She was as tall as Sandra and looked enormous. Ann was dark with tanned skin and raven black hair. She had a square fat face with a large double chin. Her neck was fat and her back was fleshy with two immense saddle bags on each side. Her front was incredible with two bloated full breasts resting on an elephantine belly. The extreme fat breasts and gigantic belly sagged down as well as it pointed outwards which made her upper body so enormous. Both her breasts and belly had large stretch marks. Her upper arms were extremely voluminous. 

Fat flesh also filled her vast buttocks and huge legs. To counterbalance her front weight she tried to lean a little backwards with the help of her arms. She smiled to me, but it was obvious her 560 pounds of fat flesh caused her concerns and practical problems.

I was ready with the video camera and asked Ann what she wanted to do. To my surprise she wanted shots of practical daily situations I thought almost impossible for a woman of her size and weight.

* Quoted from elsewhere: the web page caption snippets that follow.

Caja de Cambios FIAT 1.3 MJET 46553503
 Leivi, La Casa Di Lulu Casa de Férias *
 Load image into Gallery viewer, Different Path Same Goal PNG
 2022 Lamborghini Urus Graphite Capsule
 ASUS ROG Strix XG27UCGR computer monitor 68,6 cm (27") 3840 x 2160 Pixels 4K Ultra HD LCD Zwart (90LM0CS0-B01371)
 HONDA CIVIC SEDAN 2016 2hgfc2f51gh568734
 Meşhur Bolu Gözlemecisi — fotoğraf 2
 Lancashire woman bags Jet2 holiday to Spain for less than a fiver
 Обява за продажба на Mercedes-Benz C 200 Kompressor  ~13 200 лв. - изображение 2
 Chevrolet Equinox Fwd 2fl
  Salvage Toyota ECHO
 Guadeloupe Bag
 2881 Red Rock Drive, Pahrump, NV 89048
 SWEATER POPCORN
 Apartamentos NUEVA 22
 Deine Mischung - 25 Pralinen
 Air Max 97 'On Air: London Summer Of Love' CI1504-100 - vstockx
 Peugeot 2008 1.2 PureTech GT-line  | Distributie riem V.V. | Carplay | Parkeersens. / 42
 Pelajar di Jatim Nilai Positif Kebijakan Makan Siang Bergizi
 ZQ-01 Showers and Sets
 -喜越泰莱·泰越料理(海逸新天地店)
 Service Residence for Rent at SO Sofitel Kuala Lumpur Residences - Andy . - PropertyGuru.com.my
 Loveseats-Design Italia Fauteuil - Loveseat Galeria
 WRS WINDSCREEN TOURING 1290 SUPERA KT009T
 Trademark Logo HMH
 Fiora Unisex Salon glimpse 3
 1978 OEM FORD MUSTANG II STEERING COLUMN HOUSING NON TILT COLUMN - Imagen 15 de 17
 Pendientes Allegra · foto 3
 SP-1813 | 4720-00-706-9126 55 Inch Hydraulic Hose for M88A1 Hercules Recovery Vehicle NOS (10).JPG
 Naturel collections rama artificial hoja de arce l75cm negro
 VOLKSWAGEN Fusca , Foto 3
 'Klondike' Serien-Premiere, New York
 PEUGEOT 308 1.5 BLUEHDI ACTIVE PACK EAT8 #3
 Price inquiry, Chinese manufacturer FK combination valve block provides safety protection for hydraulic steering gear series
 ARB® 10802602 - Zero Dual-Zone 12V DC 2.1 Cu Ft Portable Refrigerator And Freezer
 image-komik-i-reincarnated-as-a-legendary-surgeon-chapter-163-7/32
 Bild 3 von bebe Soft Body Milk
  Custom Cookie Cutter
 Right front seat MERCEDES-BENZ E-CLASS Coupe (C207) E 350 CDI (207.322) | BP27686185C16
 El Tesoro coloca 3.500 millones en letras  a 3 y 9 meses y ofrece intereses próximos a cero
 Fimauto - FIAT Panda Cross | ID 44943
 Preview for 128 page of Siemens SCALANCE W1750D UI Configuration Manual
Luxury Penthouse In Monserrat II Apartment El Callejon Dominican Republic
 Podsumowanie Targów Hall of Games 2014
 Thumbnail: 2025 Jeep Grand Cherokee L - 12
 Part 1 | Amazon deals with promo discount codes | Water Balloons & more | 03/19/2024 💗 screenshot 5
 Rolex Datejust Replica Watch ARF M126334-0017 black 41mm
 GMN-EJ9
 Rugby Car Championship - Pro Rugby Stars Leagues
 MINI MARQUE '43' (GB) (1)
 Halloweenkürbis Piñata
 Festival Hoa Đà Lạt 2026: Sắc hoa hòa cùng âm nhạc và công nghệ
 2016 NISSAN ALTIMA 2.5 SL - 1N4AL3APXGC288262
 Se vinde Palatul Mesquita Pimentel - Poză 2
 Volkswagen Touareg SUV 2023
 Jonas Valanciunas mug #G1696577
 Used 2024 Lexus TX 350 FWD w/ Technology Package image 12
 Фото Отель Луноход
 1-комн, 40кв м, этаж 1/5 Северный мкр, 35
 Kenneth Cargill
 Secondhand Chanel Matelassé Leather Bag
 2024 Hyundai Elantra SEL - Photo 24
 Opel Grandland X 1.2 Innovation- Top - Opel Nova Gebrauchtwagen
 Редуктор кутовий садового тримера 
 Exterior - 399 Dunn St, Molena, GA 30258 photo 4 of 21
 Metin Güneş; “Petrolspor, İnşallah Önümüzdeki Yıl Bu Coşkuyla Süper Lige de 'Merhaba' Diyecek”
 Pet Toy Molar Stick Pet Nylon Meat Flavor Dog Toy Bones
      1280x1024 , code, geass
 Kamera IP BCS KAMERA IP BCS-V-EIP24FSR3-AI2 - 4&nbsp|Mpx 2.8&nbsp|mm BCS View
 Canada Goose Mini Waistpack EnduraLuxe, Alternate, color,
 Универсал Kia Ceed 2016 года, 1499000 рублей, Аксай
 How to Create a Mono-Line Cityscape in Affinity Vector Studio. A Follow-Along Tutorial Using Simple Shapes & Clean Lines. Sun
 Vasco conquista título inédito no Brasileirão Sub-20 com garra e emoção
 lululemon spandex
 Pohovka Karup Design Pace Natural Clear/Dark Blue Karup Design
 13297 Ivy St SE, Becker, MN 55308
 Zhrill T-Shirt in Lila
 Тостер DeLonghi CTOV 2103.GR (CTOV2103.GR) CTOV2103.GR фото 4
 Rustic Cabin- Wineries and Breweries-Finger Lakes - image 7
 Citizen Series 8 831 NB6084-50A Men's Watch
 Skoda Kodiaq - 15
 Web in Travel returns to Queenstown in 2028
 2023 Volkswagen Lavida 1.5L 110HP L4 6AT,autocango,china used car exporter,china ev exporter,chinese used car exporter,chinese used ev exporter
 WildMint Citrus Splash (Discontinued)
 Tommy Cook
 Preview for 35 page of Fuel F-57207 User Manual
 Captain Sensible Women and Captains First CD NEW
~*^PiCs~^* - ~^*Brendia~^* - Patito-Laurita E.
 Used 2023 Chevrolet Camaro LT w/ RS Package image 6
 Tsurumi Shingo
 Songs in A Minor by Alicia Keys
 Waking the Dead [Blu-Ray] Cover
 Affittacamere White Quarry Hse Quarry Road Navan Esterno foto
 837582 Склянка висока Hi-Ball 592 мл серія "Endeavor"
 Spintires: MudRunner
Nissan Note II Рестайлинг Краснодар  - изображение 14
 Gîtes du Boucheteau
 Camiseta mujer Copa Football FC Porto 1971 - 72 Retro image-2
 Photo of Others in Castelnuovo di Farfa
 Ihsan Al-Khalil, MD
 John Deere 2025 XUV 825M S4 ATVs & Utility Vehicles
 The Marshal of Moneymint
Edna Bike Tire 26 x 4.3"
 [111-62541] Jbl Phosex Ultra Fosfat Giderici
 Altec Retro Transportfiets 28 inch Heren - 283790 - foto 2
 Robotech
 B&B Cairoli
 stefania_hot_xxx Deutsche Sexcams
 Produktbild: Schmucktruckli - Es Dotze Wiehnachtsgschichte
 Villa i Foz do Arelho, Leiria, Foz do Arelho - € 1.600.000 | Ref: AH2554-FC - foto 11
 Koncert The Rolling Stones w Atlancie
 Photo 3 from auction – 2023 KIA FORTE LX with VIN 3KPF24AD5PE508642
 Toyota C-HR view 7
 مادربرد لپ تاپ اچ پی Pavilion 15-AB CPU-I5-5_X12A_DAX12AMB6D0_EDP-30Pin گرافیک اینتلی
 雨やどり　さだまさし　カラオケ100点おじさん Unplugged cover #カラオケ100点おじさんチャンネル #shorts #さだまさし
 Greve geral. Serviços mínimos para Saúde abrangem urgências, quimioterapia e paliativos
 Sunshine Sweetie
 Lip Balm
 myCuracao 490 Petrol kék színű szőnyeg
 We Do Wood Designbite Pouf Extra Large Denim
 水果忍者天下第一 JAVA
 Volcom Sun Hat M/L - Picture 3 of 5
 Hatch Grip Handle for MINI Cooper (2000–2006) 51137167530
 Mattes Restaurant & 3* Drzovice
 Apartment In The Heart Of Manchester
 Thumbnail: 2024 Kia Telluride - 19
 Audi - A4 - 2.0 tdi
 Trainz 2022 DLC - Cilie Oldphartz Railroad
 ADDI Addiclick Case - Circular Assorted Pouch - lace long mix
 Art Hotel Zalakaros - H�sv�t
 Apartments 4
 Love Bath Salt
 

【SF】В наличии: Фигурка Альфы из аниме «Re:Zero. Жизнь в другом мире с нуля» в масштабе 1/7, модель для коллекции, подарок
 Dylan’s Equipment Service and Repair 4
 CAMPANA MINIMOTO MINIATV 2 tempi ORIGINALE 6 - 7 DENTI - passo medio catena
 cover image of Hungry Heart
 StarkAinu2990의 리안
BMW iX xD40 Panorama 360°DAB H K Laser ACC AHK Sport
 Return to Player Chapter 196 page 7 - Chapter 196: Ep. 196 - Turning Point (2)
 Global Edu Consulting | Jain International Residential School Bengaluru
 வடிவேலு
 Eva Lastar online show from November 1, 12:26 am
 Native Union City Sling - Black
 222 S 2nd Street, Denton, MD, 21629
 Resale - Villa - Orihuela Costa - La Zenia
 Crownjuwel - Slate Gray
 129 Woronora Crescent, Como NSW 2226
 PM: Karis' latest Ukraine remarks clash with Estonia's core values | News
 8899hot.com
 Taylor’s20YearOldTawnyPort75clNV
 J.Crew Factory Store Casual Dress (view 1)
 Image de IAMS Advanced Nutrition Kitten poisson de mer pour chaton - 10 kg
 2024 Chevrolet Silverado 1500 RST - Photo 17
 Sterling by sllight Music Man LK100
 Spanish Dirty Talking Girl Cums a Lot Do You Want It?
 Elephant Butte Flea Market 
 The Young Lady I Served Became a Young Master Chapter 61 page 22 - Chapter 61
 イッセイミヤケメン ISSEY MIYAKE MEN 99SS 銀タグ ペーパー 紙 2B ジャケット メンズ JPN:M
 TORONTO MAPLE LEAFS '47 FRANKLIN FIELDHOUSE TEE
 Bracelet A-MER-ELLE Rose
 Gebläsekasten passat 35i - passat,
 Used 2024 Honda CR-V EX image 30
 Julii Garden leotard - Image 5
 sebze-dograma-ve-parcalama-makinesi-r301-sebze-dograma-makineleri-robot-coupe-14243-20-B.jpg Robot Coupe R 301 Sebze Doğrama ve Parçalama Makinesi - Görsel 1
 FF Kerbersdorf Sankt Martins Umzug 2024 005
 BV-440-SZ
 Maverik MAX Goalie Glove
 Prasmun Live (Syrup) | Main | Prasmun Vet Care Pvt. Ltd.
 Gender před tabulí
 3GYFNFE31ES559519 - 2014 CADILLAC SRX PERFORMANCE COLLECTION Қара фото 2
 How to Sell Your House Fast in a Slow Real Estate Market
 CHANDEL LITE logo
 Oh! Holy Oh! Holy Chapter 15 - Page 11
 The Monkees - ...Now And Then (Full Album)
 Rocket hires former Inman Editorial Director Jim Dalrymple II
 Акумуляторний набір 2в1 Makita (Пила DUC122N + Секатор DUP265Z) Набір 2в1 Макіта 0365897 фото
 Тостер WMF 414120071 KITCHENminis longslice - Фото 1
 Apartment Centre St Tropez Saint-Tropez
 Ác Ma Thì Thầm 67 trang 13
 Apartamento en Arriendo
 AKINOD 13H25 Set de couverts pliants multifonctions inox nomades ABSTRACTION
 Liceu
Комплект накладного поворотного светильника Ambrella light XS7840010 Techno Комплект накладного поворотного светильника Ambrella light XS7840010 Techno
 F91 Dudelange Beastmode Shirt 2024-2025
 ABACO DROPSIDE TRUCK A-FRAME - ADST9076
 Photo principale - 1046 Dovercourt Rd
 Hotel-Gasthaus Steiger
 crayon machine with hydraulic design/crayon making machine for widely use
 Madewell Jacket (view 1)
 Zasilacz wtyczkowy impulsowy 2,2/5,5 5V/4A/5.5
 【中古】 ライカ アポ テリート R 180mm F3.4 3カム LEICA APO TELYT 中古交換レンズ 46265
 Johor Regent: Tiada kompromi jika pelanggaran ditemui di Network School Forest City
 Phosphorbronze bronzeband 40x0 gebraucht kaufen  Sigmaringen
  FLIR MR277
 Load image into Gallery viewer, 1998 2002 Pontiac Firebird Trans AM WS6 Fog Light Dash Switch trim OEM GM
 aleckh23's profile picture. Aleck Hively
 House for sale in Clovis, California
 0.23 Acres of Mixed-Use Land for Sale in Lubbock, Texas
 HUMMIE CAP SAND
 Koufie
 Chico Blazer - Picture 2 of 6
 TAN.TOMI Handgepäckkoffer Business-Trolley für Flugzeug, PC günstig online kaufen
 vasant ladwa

It was easy for her to point out what to do. 

First of all she waddled slowly around in the living room. Her body fat bounced like jelly when she forced one leg out and in front of the other. I took shots of her from every angel.

She went over to the coach, turned slowly and sat heavily down. At first she did not spread her legs to make room for her huge belly. The belly pressed her boobs upwards almost into her face. Evidently she was not sitting comfortable with much of the fat belly in a squeeze. She put her arms around her belly, but the hands could by no means meet due to the circumference of the enormous fat bag. She placed her right hand as far as it reached and lifted an enormous fat fold up and in front of her. 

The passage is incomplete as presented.